But you don’t have to go all the way to France to enjoy luscious strawberries. We grow plenty in northern Michigan. In fact, Michigan growers produce over 43,000 tons of the nation’s fifth favorite fruit. While Emmet and surrounding counties aren’t the top producers, you’ll find plenty of berries to satisfy your taste buds.

First, check out this guide, featuring the harvest months for all variety of fresh produce. Not only will you find strawberries, with their tragically short season in June, you’ll discover the best months to go on the hunt for apricots, blueberries, asparagus, sugar snap peas, and all sorts of other local produce.

For the freshest of the fresh strawberries, you’ve got several regional options.

First, try local farmers markets. Downtown Petoskey Farmers Market, held between the end of May and September, is loaded with strawberries come June. Fruit Coast Farms, Guntzvillers Berry Farm, Dhaseeler Farm, and others usually have strawberries available during the season. Plus, you can often hear live music, purchase gourmet mushrooms (including morels), find purveyors of locally raised meat, and peruse table after table of locally-grown vegetables. Emmet County Recycling will be on hand with their compost collector, so bring your kitchen scraps for composting.

The Petoskey Market is located on Howard St. between Michigan and Mitchell. That means you’ll be a stone’s throw away from famed lunch spot Julienne Tomatoes, and around the corner from Tillie’s Tafel, one of the finest cinnamon roll purveyors in the land.

The Boyne City Farmer’s Market, located at Veterans Park on Wednesdays and Saturdays all through the summer, is another reliable spot for summer strawberries. Providence Organic Farm out of Central Lake travels to Boyne each week to sling strawberries, and they’re one of the few folks in northern Michigan to host a strawberry U-pick. According to Ellie Romeyn of Providence, U-pick availability depends on the year and the yield. Even though they’ve held it at their farm/market/natural foods store/café/petting zoo most years, definitely check for availability before you head out there. Dhaseeler Farm, Guntzviller’s Berries, and occasionally Interwater Farms also show up with fresh strawberries.

A U-Pick haul from Providence Organic Farm. Photo credit: Jen DeMoss

And in case you need another reason to head to Boyne City, note that Gilda’s Lake Street Bakery, featured in our comprehensive bakery guide, makes crepes at the market every Saturday.

Guntzviller’s and Farmer White are on hand to provide berries at the Harbor Springs Farmer’s Market Saturdays and Wednesdays on Main Street in downtown Harbor. While you’re there, make sure to visit My Sister’s Bake Shop, also featured in our bakery guide, at the Saturday market during the summer.
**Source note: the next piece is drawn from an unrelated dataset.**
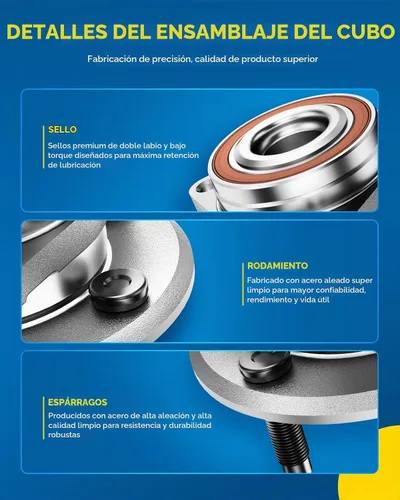 Vista 6 de PHILTOP 512012 x2 Conjunto de cubo de cojinete de rueda trasera para Volkswagen Jetta for 1998-2010 Volkswagen Beetle, 1999-2005 Volkswagen Jetta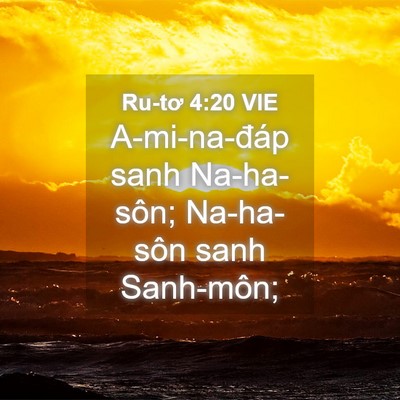 Picture 04 - Ru-tơ 4:20 VIE - A-mi-na-đáp sanh Na-ha-sôn; Na-ha-sôn sanh - Bible Verse Picture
Speaking of organic strawberries, have you ever visited Coveyou Scenic Farm Market? Located just a few minutes past the big box stores on Highway 131, this family-owned farm has been in operation for 150 years as of July 2024. And they sell loads of strawberries. Oodles of them. Baskets and boxes of delicious, ripe fruit.

“Being an organic farm, we grow a range of products, but strawberries are something everyone loves,” said David Coveyou, the farm’s fifth-generation owner. “The flavor is so much better than store-bought berries. I think it’s because we pick them every day and they grow in our certified-organic soil. And every year, we grow more and more of them.”

Bill’s Farm Market, an incredibly popular stop for local produce on Petoskey’s East Mitchell St. and fourth-generation farm, carries a bounty of ruby-red strawberries during their fleeting season. (Featured in the header image.) And Red Cardinal Farm sells organic strawberries from their jolly red farm stand on Resort Pike Rd. in Petoskey. Both carry a variety of seasonal produce grown right here in northern Michigan.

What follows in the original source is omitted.